I have promised to give some examples of semantic errors in Linked Data. As already mentioned, semantic errors are easy to make, and hard to detect.
Syntax errors can become semantic statements
My first advice is to always use an ontology editor for syntax validation. Feel free to write RDF in a text editor, but check it in an ontology editor. Because most of the time syntax errors are detected and the tool stops opening of the file:
But do your check meticulously! Syntax errors may turn into semantic statements!
For example, when you create a Linked Data file with a text editor, or even a RDF conversion tool like TARQL ,and your finger slips while typing and you mistakenly write rdf:typer instead of rdf:type
:Z rdf:typer owl:Class .
..and you decide to do a syntax check with an ontology editor like for example Topbraid Composer (TBC). You will be surprised that TBC does not detect this as a syntax error, because in open world it isn’t. TBC shows it as a normal predicate to :Z in the Resource form:
..and assumes that you have created it as your own local reference to something in the RDF schema. The only way you can see that this class is different, and perhaps specified wrong, is the icon it gets in the user interface:
The globe icon in TBC means that it cannot find a rdf:type description of the element, and it is assumed that this is present somewhere on the web (hence the globe icon..).
In a closed world a typo like this would instantly be recognised as a syntax error. But since we are developing for an open world it now becomes a semantic statement!
Incorrect use of vocabulary definitions
A semantic error is most of the time caused by incorrect use of any vocabulary. To prevent these kinds of errors the vocabulary documentation as a whole must be consulted before using it. The vocabulary definition must be seen as a standard. Just to browse through the classes and properties and know their name is not enough to know how to apply semantics properly.
Applying the wrong type of data to the range of a property
Somebody wants to specify that “The director of the movie StarWars is George Lucas”. The schema.org vocabulary is used.
example of wrong use of vocabulary:
:StarWars schema:director "George Lucas"^^xsd:string .
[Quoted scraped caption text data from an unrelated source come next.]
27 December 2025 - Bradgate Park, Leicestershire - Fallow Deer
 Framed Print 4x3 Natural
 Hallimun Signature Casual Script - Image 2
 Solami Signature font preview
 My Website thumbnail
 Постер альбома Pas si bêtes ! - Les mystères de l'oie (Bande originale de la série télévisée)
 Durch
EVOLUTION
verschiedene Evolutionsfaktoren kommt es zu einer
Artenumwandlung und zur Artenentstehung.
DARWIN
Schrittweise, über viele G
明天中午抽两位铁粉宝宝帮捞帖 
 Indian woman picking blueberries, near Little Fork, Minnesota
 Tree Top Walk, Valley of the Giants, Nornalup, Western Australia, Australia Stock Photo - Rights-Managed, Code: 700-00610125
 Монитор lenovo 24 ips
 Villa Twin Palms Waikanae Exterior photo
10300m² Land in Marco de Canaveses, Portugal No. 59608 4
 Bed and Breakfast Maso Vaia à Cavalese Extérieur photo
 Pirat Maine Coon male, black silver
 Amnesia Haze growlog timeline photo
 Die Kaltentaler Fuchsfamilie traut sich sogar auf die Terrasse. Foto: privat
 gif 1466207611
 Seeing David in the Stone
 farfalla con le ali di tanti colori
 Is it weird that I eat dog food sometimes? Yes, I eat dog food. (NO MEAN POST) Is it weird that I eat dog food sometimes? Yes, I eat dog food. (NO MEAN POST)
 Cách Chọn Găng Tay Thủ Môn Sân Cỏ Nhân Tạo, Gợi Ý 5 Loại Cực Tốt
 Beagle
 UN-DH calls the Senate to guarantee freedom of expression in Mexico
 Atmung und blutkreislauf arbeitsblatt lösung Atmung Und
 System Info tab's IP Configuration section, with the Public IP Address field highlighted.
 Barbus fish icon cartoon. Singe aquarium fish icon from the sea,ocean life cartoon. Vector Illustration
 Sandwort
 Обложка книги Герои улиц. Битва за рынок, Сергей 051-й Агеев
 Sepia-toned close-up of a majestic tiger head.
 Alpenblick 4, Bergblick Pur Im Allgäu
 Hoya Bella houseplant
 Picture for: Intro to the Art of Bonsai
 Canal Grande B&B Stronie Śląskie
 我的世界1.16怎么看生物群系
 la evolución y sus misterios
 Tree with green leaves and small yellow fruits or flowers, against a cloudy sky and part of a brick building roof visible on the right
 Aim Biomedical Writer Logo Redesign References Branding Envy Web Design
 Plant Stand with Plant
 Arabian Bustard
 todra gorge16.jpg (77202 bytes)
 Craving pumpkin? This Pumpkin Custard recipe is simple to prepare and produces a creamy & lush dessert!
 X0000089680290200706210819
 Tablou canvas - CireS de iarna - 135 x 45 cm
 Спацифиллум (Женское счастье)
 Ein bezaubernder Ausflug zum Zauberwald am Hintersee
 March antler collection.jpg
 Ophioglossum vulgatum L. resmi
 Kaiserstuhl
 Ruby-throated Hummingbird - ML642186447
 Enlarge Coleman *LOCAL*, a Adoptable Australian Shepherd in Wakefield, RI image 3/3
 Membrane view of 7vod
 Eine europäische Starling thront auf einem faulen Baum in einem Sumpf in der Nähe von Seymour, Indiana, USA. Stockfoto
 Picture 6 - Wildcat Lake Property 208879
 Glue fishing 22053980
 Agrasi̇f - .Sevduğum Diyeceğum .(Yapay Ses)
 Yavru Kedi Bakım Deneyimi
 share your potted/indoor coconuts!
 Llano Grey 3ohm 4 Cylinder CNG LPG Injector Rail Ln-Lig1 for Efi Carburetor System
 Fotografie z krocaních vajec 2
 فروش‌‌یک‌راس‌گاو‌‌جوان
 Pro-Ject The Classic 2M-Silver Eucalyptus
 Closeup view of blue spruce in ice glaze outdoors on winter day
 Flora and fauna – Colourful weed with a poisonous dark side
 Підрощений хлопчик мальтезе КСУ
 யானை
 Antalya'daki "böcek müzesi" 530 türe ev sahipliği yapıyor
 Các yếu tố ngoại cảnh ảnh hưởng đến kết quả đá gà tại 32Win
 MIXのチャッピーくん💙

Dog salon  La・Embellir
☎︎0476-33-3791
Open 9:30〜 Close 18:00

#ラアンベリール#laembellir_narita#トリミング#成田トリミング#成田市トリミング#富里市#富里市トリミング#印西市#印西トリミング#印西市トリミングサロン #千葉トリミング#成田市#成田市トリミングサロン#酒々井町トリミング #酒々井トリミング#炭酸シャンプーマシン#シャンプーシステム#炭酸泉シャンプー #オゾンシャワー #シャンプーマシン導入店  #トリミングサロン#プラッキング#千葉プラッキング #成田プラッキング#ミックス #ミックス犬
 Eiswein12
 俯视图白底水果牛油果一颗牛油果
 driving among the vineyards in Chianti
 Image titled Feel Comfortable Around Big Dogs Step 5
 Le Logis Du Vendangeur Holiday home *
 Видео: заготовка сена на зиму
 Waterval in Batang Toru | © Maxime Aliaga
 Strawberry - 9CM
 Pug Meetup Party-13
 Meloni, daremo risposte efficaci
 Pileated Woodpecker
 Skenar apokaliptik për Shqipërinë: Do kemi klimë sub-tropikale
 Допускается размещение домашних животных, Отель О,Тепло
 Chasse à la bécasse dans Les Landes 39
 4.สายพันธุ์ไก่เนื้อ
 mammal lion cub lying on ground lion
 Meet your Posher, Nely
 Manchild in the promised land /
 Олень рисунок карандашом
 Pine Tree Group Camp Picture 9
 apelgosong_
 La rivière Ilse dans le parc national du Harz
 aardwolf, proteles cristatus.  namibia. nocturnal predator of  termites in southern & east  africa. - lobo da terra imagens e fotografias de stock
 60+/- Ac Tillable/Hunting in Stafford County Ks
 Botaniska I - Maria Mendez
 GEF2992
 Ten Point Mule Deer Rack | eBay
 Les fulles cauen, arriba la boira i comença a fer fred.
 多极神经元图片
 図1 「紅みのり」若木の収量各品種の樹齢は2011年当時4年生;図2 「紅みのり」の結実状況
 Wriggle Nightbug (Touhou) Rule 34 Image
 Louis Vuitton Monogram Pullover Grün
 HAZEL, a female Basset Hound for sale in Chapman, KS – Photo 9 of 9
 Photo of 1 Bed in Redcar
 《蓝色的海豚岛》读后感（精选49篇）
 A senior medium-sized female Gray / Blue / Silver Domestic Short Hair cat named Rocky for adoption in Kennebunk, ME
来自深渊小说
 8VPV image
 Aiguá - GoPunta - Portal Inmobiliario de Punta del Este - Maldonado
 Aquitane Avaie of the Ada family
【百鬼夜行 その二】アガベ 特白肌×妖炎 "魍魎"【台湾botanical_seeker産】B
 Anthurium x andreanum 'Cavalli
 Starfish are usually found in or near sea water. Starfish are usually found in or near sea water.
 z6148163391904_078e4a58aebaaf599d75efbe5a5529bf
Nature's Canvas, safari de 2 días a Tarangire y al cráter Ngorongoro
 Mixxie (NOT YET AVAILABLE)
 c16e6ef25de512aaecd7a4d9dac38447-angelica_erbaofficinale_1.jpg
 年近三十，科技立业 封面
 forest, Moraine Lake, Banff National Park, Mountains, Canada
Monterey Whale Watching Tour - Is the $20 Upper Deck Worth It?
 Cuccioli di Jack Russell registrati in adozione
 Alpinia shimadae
This example shows a statement that is wrong because a string is used for the range of the property “director”. According to the vocabulary specification this must be an instance of the type schema:Person .
:StarWars schema:director :GeorgeLucas . :GeorgeLucas rdf:type schema:Person .
Incorrect use of the meaning of an entity
Somebody wants to say: “The summer season starts at June 21st”
example of wrong use of vocabulary:
:Summer rdf:type schema:Season ; :startsOn "2014-06-21^^xsd:date .
What is wrong here is that is assumed that “Season” refers to the part of the year. But schema.org defines schema:Season as a series of episodes of a TV or radio show. You cannot use the schema:Season class to describe this sentence, even though the word is a homonym. The schema.org vocabulary has specified properties to the class that refer to something that is a TV or radio show. Every thing on the web that is described with rdf:type schema:Season is just that.
Correct is to define your own Season class:
:Season rdf:type owl:Class . :Summer rdf:type :Season .
or use the Season class from another ontology (e.g. http://www.ontotext.com/proton/protonext#Season )
:Summer rdf:type pext:Season ; :startsOn "2014-06-21^^xsd:date .
One more of these type of errors:
Properties are used as classes and vice-versa
Some vocabularies have a property with a name that could be interpreted for a class. Dublin Core is one of those. For “persons” Dublin Core has the more general class “Agent”. So anyone who is looking for something that is a person and just looks shallowly through the list of available entities could come up with dc:creator or dc:publisher. These are properties, and can never be used as an object in a triple (OWL Full perhaps excluded). So:
:GeorgeLucas rdf:type dc:creator .
is incorrect semantics. Not picked up as such by TBC when you write it in text editor and open in TBC..this triple is there but invisible in the user interface!
These kinds of errors are easily made with LODRefine. This tool is used for mapping tabular data to RDF, however it does not check what range is required, whether you should apply a property or a class or what the exact meaning of any entity is.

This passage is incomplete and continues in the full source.